→ **Material shown**
##############################

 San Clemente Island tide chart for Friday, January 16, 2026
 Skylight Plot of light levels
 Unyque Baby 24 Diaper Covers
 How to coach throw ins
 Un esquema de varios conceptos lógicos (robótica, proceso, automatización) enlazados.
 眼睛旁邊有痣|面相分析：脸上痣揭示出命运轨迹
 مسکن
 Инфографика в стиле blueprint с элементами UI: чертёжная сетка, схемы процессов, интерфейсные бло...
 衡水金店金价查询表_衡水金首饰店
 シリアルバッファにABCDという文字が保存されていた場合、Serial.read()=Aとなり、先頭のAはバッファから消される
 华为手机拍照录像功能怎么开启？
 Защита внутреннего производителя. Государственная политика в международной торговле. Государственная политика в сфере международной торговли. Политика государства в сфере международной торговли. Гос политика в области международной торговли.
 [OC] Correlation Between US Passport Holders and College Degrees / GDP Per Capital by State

##############################

→ **Goal of the exercise**
Please copy exactly, and only, the lines running from the one containing "Unyque Baby 24 Diaper Covers" through the end of the listing.

→ **Result below**
 Unyque Baby 24 Diaper Covers
 How to coach throw ins
 Un esquema de varios conceptos lógicos (robótica, proceso, automatización) enlazados.
 眼睛旁邊有痣|面相分析：脸上痣揭示出命运轨迹
 مسکن
 Инфографика в стиле blueprint с элементами UI: чертёжная сетка, схемы процессов, интерфейсные бло...
 衡水金店金价查询表_衡水金首饰店
 シリアルバッファにABCDという文字が保存されていた場合、Serial.read()=Aとなり、先頭のAはバッファから消される
 华为手机拍照录像功能怎么开启？
 Защита внутреннего производителя. Государственная политика в международной торговле. Государственная политика в сфере международной торговли. Политика государства в сфере международной торговли. Гос политика в области международной торговли.
 [OC] Correlation Between US Passport Holders and College Degrees / GDP Per Capital by State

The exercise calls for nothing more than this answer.